Microsoft's Surface strategy: As long as it takes

Microsoft's Surface strategy: As long as it takes

Summary: Time may be on Microsoft's side when it comes to the prospects for its Surface tablet PC initiative.

A Surface Pro tablet. Image: Microsoft.

Next week, Microsoft is expected to launch a Surface Mini, and perhaps another, larger Surface device to add to its tablet PC portfolio. The idea of Surface Mini certainly makes sense; smaller slates are seeing growth, so a seven- or eight-inch model could potentially capitalise on that nicely.

The arrival of the third-generation of the Surface (perhaps a Surface Pro 3) would also help Microsoft's tablet prospects in another way: it usually takes tech companies three versions of any new device to fix all the flaws spotted in the product.

The first-gen Surface RT and Surface Pro tablets were released in October 2012 and February 2013 respectively. Their successors, the Surface 2 and Surface Pro 2, arrived in October 2013. But sales remain low, probably somewhere around two to three percent of the worldwide tablet market.

The numbers Microsoft has released about the Surface tell part of the story. Microsoft reported Surface revenue of $494m in its most recent third quarter report, but the costs associated with generating that revenue (which include manufacturing and distribution of the devices) hit $539m.

The same thing happened in the previous quarter, covering the three months to December 31 last year: Surface revenues hit $893m, but at a cost of revenue of $932m. In Microsoft's Q1, Surface revenue stood at $400m and the cost of revenue at $645m (before that Microsoft reported Surface revenue of $853m in its Q4 2012 — along with a $900m write-down on Surface RT inventory).

According to these numbers, Surface is still costing more to make and distribute than Microsoft is making from selling it.

So how long will can Microsoft continue to build 'tablet PCs' that are snubbed by consumers? The answer is probably as long as it takes.

Surface is interesting — and important — because it embodies nearly all the challenges that Microsoft faces in trying to reinvent itself for the post-PC world: the rise of new types of hardware, the need to rethink Windows, and the race to the cloud.

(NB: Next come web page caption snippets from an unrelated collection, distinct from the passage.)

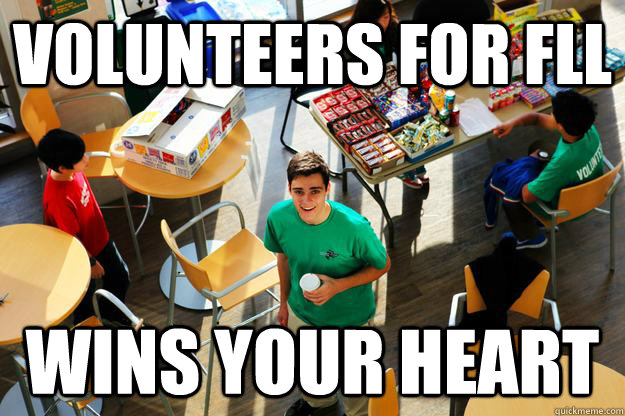 Volunteers for FLL Wins your Heart  Ridiculously Photogenic Volunteer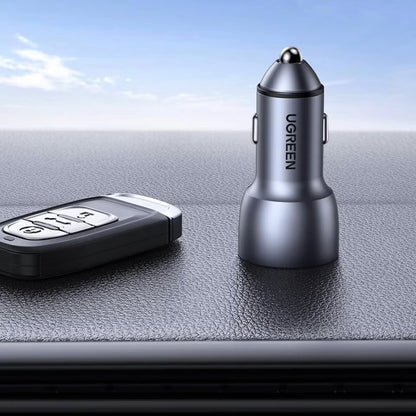 Billaddare UGREEN CD213, 36W, 3A, 2 x USB-A, Grå 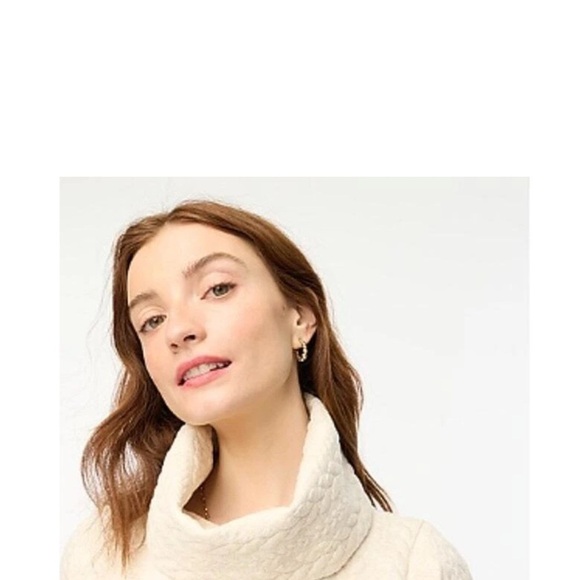 J. Crew GREY Cable-Knit Cowl Sweater size XL - Picture 2 of 5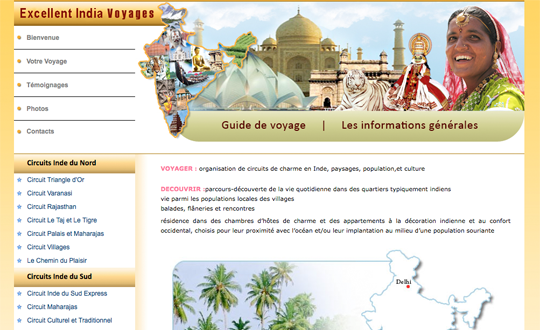 Tourisme Inde Voyages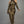 Metallic Ruched Dress With Sleeves - Dress - SmartBuyApparel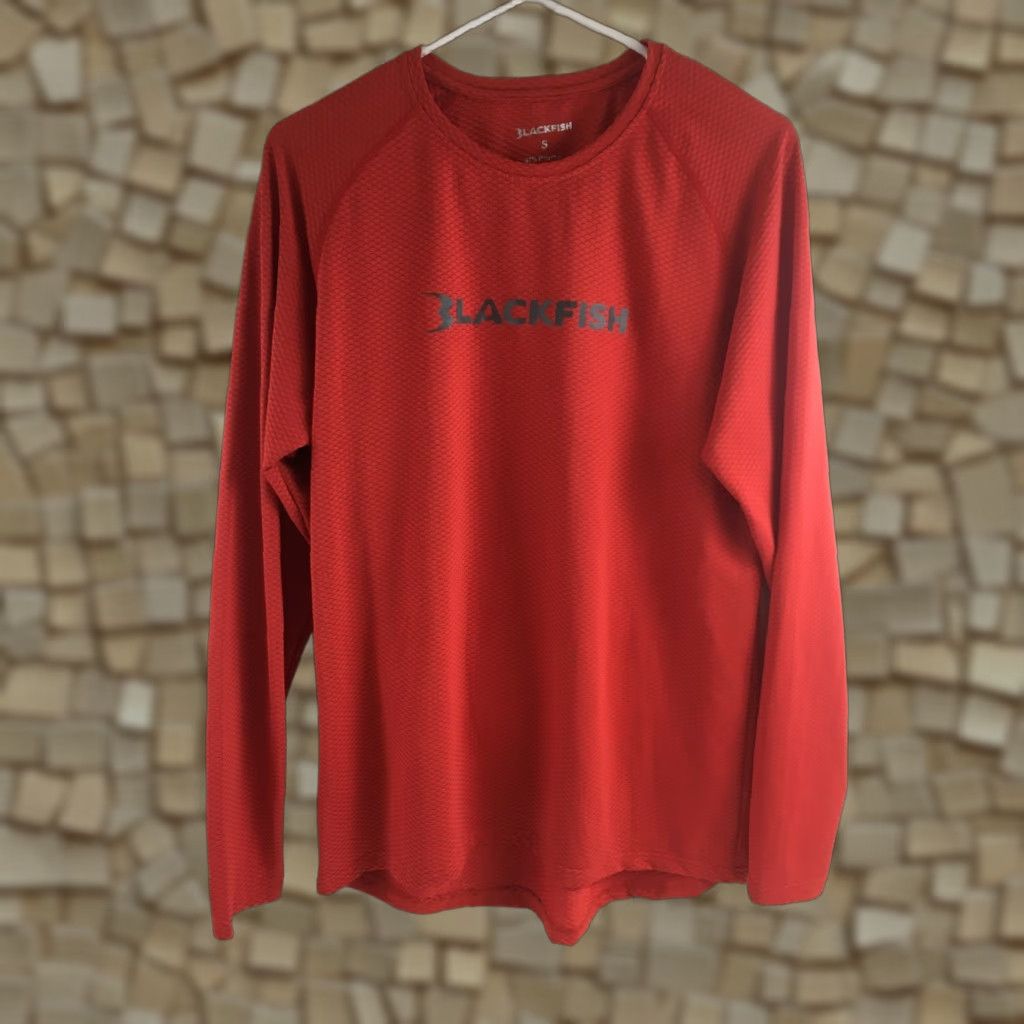 Logo 7 BLACKFISH Shirt Men Red Long Sleeve Logo Crew Neck Pullover Size S Size US L / EU 52-54 / 3 - 1 Thumbnail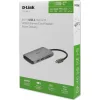 D-Link USB-C Docking Station με HDMI 4K PD Ethernet Ασημί (DUB-M810)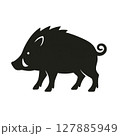 シンプルなイノシシの顔 127885949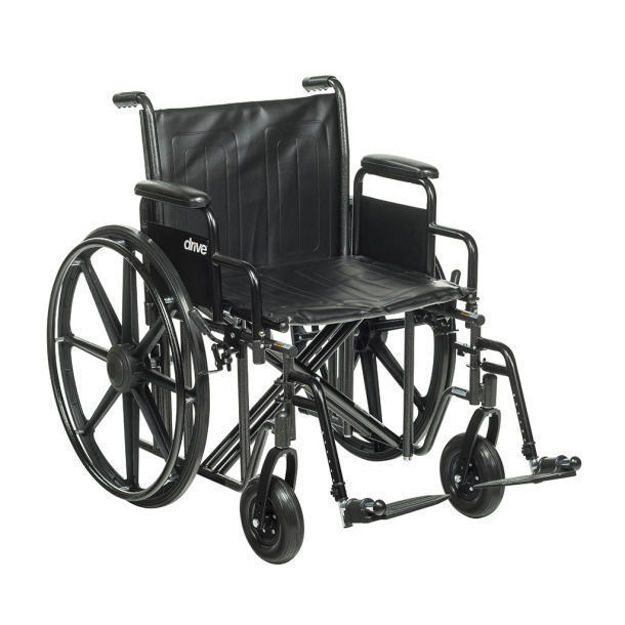 Bariatric Sentra EC Heavy-Duty Wheelchair 22"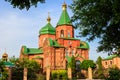 Intercession church in Kamiani Potoky village near Kremenchug, Ukraine Royalty Free Stock Photo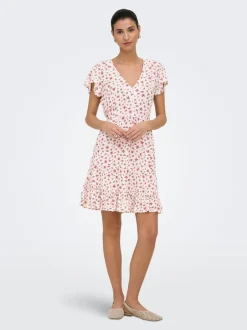 Discount ONLCLAUDETTE Kort kjole Dame Kjoler
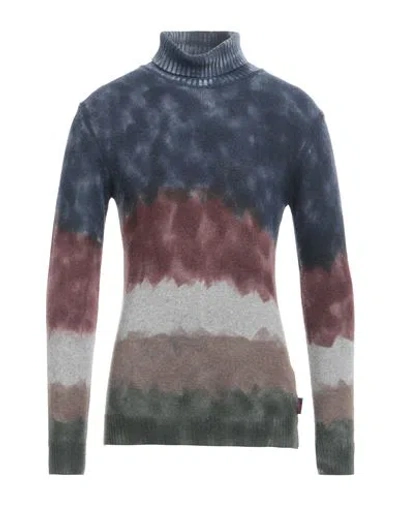 Bob Man Turtleneck Navy Size S Wool, Viscose, Polyamide, Cashmere In Blue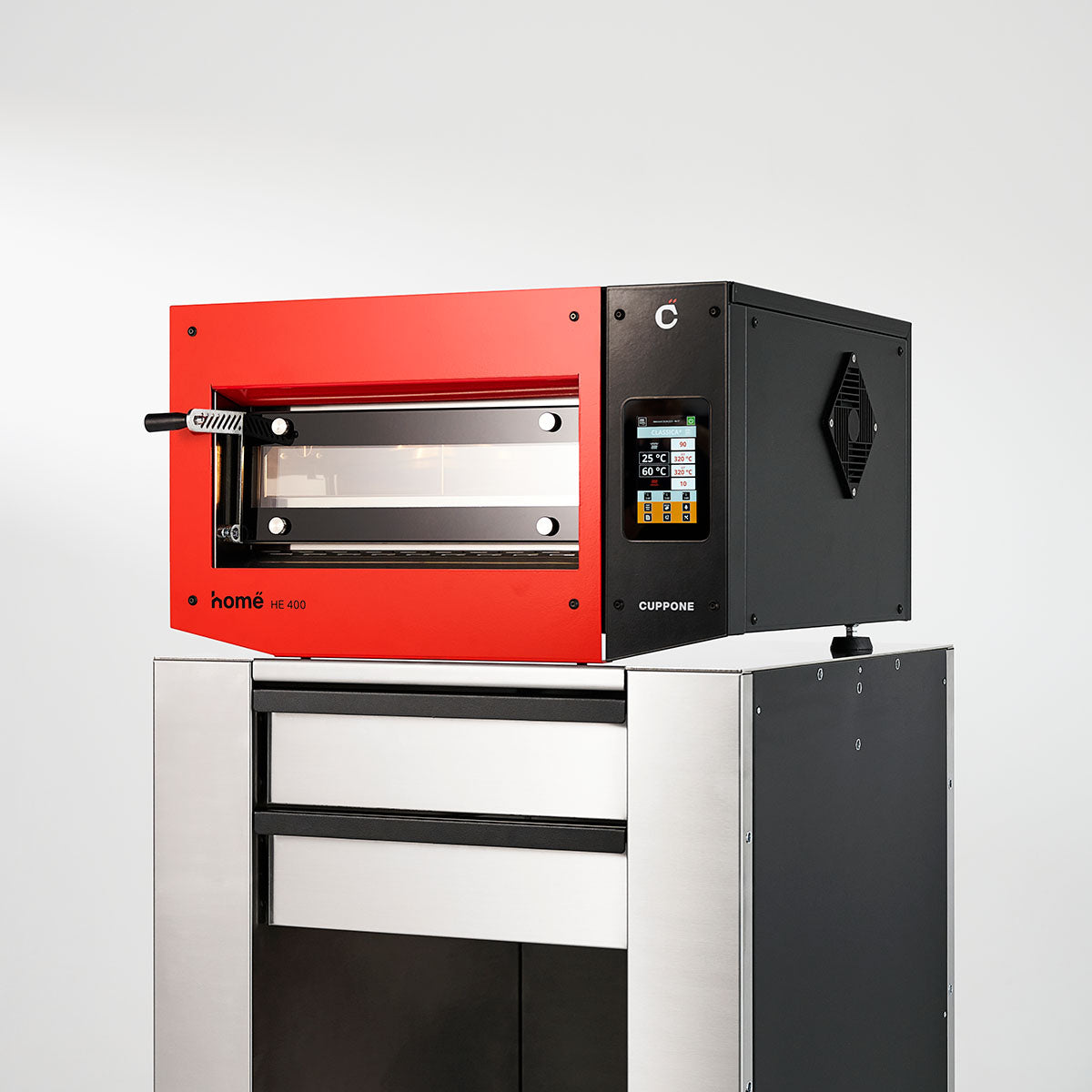 Cuppone - HE400TS - Electric Refractory Stone Base Compact Pizza Oven
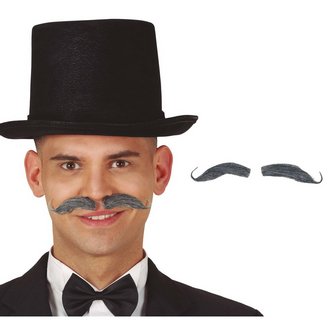 Szürke Bajor Bajusz Férfiaknak Oktoberfestre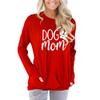 Funny T Shirts Womens Dog Mom Shirt Summer Long Sleeve Tshirt Tops view 1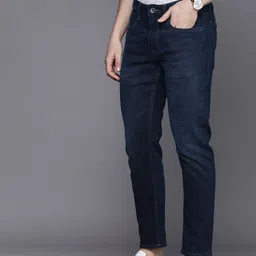 Louis Philippe Jeans Men Mid-Rise Slim Fit Jeans-picture-10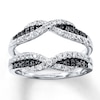 Thumbnail Image 0 of Previously Owned Black & White Diamonds 1/2 ct tw Enhancer Ring 14K White Gold - Size 4.25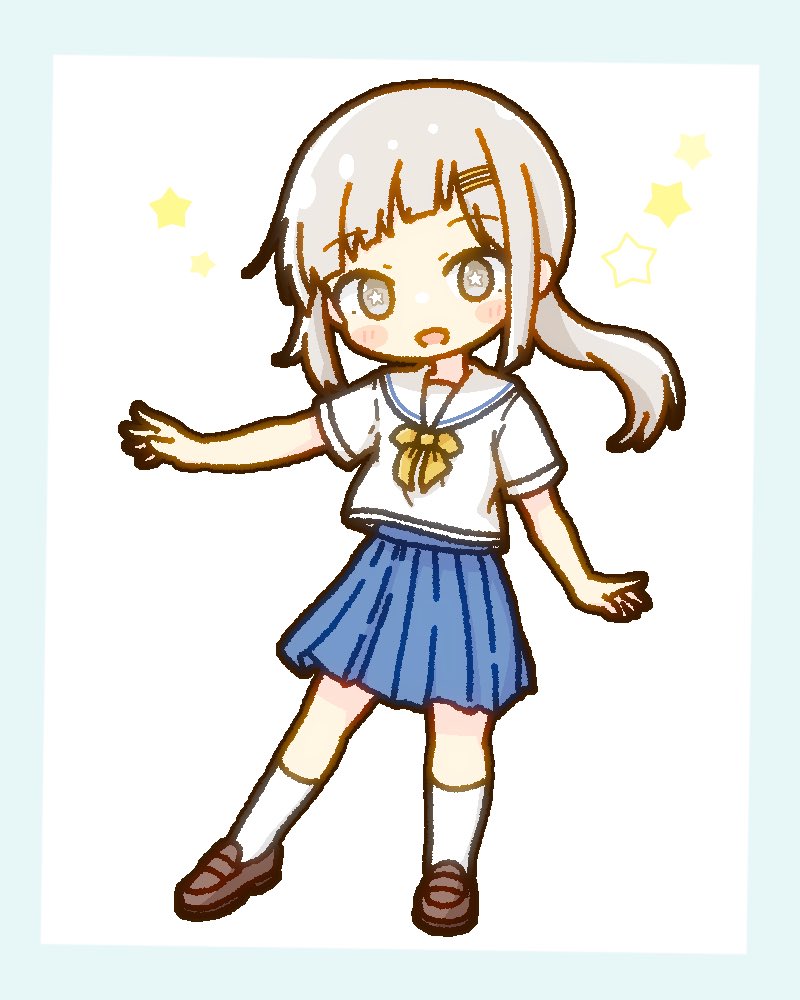 retachan081's tweet photo. 半袖セーラーニャーンちゃん（@eilanyaan ） https://t.co/A9hEWM29zD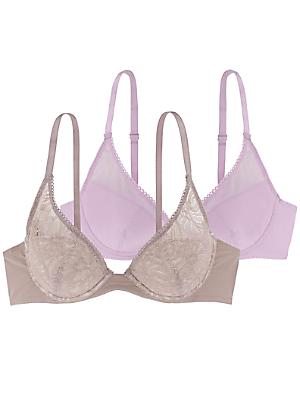 Luca Underwired 2 Pack Non Padded Wired Bras by DORINA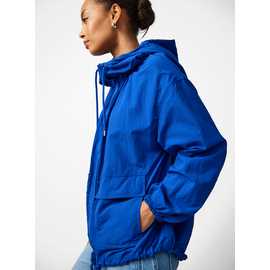 Cobalt Blue Hooded Windbreaker M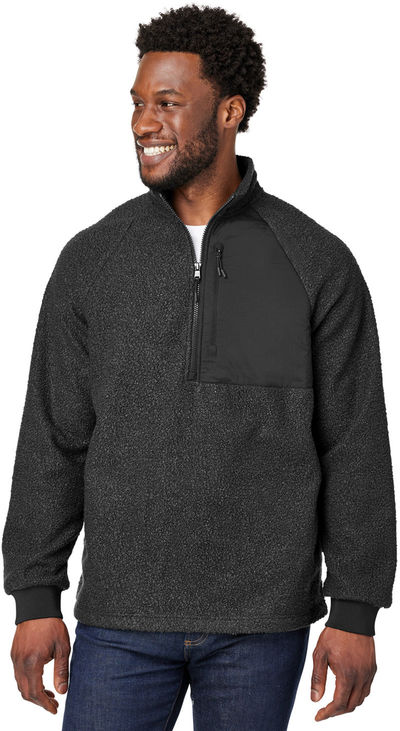 An image of a Custom North End Men's Aura Sweater Fleece Quarter Zip!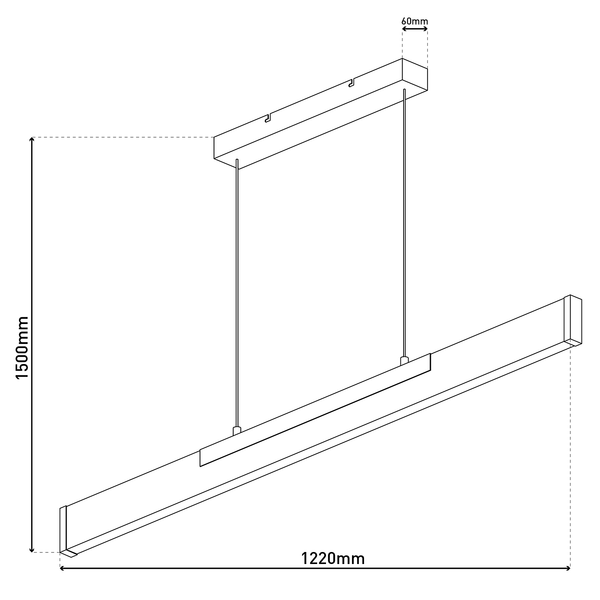 LED-Pendelleuchte Wilma - Metall - 1-flammig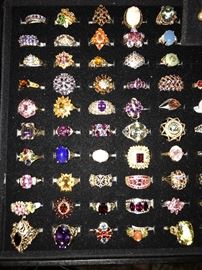 Gorgeous Selection of Fine Jewelry, All rings pictured are 10Kt or 14Kt
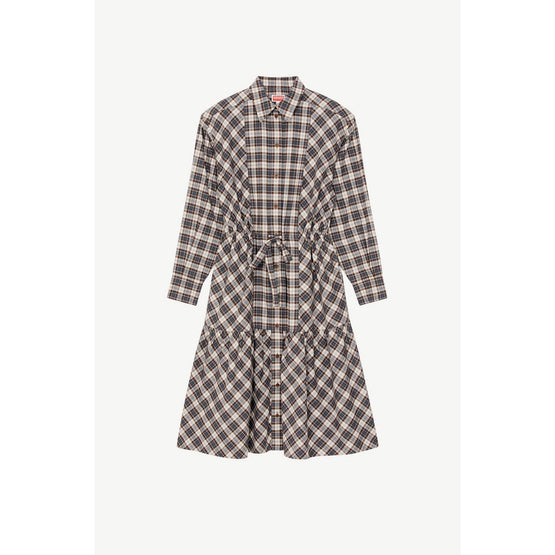 Women Midi Shirting Dress - Moroccan Brown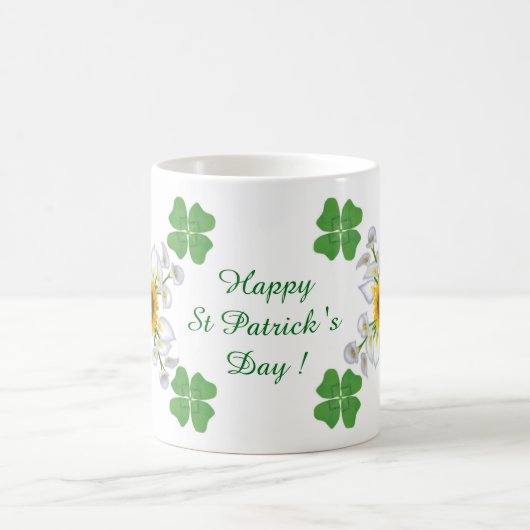 Mug Bonne Saint Patrick ! Clover avec Calla (Centre)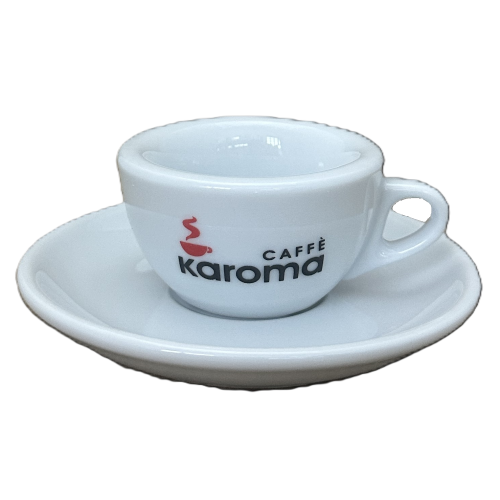 Espresso Tasse mit Unterteller von Karoma - Karoma Caffe Feio srl
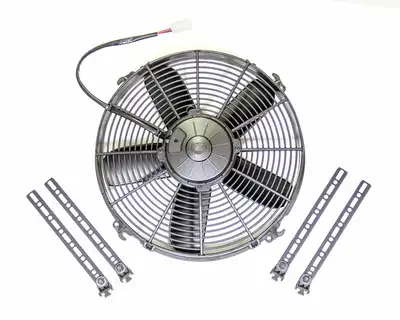 Spal Advanced Technologies 12in Pusher Fan Straight Blade 861 CFM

Replacing the Ballmer-era unofficial definition of Microsoft as a 'devices and services company' with new CEO Satya Nadella's 'mobile-first, cloud-first' slogan might at first glance have spelled bad news for Surface. But with Nadella rumoured to be presiding over the launch of new Surface devices, it looks like the line will remain key for the company in the future.

That doesn't mean it's going to be getting any easier. Microsoft is late to the ecosystem game played so well by Apple and Google, as its own financial report notes: "Our competitors in smartphones and tablets have established significantly larger user bases. Efforts to compete with the vertically integrated model will increase our cost of revenue and reduce our operating margins."

Another potential headache, in Microsoft's own words: Surface competes with products made by Microsoft's manufacturing partners "which may affect their commitment to our platform".

But for all sorts of reasons it would be a huge blow for Microsoft to step away Surface — it has to prove, through Surface, that Windows makes sense on a tablet.

And it may have time on its side here. There is some demand out there, particularly from business, for a Windows tablet, and so Microsoft will probably find an enterprise market for Surface as an Ultrabook-style laptop upgrade if it can convince corporate customers it is committed to the product in the long term.

As such, we're likely to see market share gradually increase over the next few years for Windows tablets in general. It might not be the enormous success that Microsoft wanted, but don't expect it to back down any time soon.

ZDNet's Monday Morning Opener is our opening salvo for the week in tech. As a global site, this editorial publishes on Monday at 8am AEST in Sydney, Australia, which is 6pm Eastern Time on Sunday in the US. It is written by a member of ZDNet's global editorial board, which is comprised of our lead editors across Asia, Australia, Europe, and the US.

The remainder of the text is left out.